==========
Deployment
==========

*Production setup, Docker, reverse proxy, monitoring, and HA considerations*

Production Checklist
--------------------

- Use gunicorn (not Flask dev server) --- omit ``--dev`` flag
- Set ``server.external_url`` to the public HTTPS URL
- Use a strong ``admin_api.token_secret`` (32+ random bytes)
- Store secrets in environment variables, not config files
- Set ``database.sslmode: require`` or ``verify-full``
- Enable ``database.auto_setup: true`` for first deploy, then disable
- Set appropriate ``server.workers`` (2-4 x CPU cores)
- Configure ``server.max_requests`` to restart workers periodically
- Enable rate limiting (``security.rate_limits.enabled: true``)
- Set ``logging.format: json`` for structured log ingestion
- Restrict CA private key file permissions to ``0400``
- Put ACMEEH behind a reverse proxy for TLS termination
- Enable CRL for revocation checking

CLI Reference
-------------

All operations are invoked through the ``acmeeh`` module:

.. code-block:: bash

   python -m acmeeh -c CONFIG [options] [command]

Global Flags
^^^^^^^^^^^^

.. list-table::
   :header-rows: 1
   :widths: 30 70

   * - Flag
     - Description
   * - ``-c / --config PATH``
     - Configuration file path (required)
   * - ``--debug``
     - Enable debug output with full tracebacks
   * - ``--validate-only``
     - Validate config and exit
   * - ``--dev``
     - Use Flask development server
   * - ``-v / --version``
     - Show version

Subcommands
^^^^^^^^^^^

.. list-table::
   :header-rows: 1
   :widths: 30 70

   * - Command
     - Description
   * - ``serve [--dev]``
     - Start the server (default action when no subcommand is given)
   * - ``db status``
     - Check database connectivity and schema
   * - ``db migrate``
     - Run database schema migration
   * - ``ca test-sign``
     - Test CA backend with an ephemeral CSR
   * - ``crl rebuild``
     - Force CRL rebuild (requires ``crl.enabled: true``)
   * - ``admin create-user --username NAME --email ADDR [--role ROLE]``
     - Create an admin user
   * - ``inspect order <uuid>``
     - Inspect order with authorizations and challenges
   * - ``inspect certificate <uuid-or-serial>``
     - Inspect certificate details
   * - ``inspect account <uuid>``
     - Inspect account with contacts and order count

.. tip::

   **Quick Validation**

   Use ``--validate-only`` in CI/CD pipelines to verify configuration changes before deploying:

   .. code-block:: bash

      python -m acmeeh -c /etc/acmeeh/config.yaml --validate-only

Environment Variable Substitution
----------------------------------

ACMEEH config files support environment variable references that are resolved before JSON Schema validation. This allows you to keep secrets out of config files entirely.

.. code-block:: yaml

   database:
     password: ${DB_PASSWORD}
     host: ${DB_HOST:-localhost}
     port: ${DB_PORT:-5432}

.. list-table::
   :header-rows: 1
   :widths: 30 70

   * - Syntax
     - Behavior
   * - ``${VAR}``
     - Required --- startup fails if the variable is not set
   * - ``${VAR:-default}``
     - Uses the default value if the variable is not set

Environment variables are resolved during ``additional_checks()`` in the config class, which runs after YAML parsing but before JSON Schema validation. This means the substituted values are still subject to full schema validation.

Gunicorn Configuration
----------------------

ACMEEH runs gunicorn in production mode.
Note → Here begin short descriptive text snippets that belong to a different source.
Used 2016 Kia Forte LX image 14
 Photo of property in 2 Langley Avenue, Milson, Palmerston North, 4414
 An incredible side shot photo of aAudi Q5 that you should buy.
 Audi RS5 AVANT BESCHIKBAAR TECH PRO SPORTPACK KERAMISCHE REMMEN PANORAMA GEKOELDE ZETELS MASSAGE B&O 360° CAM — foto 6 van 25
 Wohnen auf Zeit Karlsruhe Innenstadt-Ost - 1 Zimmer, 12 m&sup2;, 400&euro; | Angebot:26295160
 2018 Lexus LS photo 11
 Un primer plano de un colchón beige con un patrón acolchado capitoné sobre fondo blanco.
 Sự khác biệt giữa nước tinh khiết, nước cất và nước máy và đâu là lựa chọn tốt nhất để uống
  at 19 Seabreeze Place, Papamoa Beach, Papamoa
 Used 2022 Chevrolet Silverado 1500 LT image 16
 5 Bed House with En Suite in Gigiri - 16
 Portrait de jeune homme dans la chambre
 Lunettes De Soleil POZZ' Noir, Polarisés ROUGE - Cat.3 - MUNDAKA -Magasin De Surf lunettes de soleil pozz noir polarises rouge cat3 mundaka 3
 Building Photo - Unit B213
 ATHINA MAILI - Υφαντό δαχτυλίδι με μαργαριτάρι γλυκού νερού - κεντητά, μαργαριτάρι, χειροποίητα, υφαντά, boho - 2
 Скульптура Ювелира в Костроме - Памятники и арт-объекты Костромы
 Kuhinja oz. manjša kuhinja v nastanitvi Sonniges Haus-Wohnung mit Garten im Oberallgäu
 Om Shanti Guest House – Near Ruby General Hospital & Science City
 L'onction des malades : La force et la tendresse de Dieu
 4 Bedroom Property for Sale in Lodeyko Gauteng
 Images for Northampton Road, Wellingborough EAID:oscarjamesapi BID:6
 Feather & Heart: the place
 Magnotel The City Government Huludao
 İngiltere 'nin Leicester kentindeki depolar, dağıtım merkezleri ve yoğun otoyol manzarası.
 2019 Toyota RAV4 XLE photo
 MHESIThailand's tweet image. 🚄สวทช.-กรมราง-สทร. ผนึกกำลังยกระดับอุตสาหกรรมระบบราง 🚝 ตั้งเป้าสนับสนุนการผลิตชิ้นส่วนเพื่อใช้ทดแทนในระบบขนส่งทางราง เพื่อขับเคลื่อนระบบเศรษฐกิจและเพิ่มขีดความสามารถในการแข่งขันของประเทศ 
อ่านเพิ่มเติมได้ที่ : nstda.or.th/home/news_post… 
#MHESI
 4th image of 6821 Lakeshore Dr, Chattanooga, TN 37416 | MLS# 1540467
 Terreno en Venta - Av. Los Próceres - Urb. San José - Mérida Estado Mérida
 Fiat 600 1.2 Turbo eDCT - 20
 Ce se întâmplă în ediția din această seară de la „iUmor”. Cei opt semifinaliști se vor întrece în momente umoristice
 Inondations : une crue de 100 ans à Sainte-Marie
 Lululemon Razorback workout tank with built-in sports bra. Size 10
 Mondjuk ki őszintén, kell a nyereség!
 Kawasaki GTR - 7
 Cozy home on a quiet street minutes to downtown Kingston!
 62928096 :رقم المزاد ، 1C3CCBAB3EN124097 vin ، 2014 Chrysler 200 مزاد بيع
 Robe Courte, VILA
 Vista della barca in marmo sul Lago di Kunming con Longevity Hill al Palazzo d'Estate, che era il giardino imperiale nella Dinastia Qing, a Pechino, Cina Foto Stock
All gunicorn settings are configured via YAML:

.. code-block:: yaml

   server:
     external_url: https://acme.example.com
     bind: 0.0.0.0
     port: 8443
     workers: 8               # 2-4x CPU cores
     worker_class: sync
     timeout: 30
     graceful_timeout: 30
     keepalive: 2
     max_requests: 1000        # restart workers after 1000 requests
     max_requests_jitter: 50  # add randomness to prevent thundering herd

Start the production server:

.. code-block:: bash

   PYTHONPATH=src DB_PASSWORD=secret python -m acmeeh -c /etc/acmeeh/config.yaml

WSGI Entry Point
^^^^^^^^^^^^^^^^

For advanced deployments you can bypass the ``python -m acmeeh`` wrapper and use gunicorn (or any WSGI server) directly via the WSGI entry point:

.. code-block:: bash

   export ACMEEH_CONFIG=/etc/acmeeh/config.yaml
   gunicorn "acmeeh.server.wsgi:app"

This is useful when you need full control over gunicorn flags (e.g., ``--preload``, custom logging config, or ``--certfile`` / ``--keyfile`` for direct TLS). The ``ACMEEH_CONFIG`` environment variable tells the WSGI module where to find the configuration file.

Docker
------

ACMEEH ships with a production-ready ``Dockerfile``, ``docker-compose.yaml``,
and fully parameterized ``docker/config.yaml``. See the :doc:`docker` page
for the complete guide, including build ARGs, environment variables, and
common operations.

Quick start:

.. code-block:: bash

   cp docker/.env.example .env        # set POSTGRES_PASSWORD
   mkdir -p certs                     # place root.pem + root-key.pem
   docker compose up -d
   curl http://localhost:8443/livez

Reverse Proxy Setup
--------------------

ACMEEH should sit behind a reverse proxy that handles TLS termination. Enable proxy support in config:

.. code-block:: yaml

   proxy:
     enabled: true
     trusted_proxies:
       - 172.16.0.0/12
       - 10.0.0.0/8

Nginx Example
^^^^^^^^^^^^^

.. code-block:: nginx

   upstream acmeeh {
       server 127.0.0.1:8443;
   }

   server {
       listen 443 ssl http2;
       server_name acme.example.com;

       ssl_certificate     /etc/nginx/tls/cert.pem;
       ssl_certificate_key /etc/nginx/tls/key.pem;

       location / {
           proxy_pass http://acmeeh;
           proxy_set_header Host $host;
           proxy_set_header X-Real-IP $remote_addr;
           proxy_set_header X-Forwarded-For $proxy_add_x_forwarded_for;
           proxy_set_header X-Forwarded-Proto $scheme;

           # ACME clients may send large JWS payloads
           client_max_body_size 64k;
       }
   }

Caddy Example
^^^^^^^^^^^^^

.. code-block:: bash

   acme.example.com {
       reverse_proxy localhost:8443
   }

Health Check Endpoints
----------------------

ACMEEH exposes three health check endpoints designed for container orchestrators, load balancers, and monitoring systems.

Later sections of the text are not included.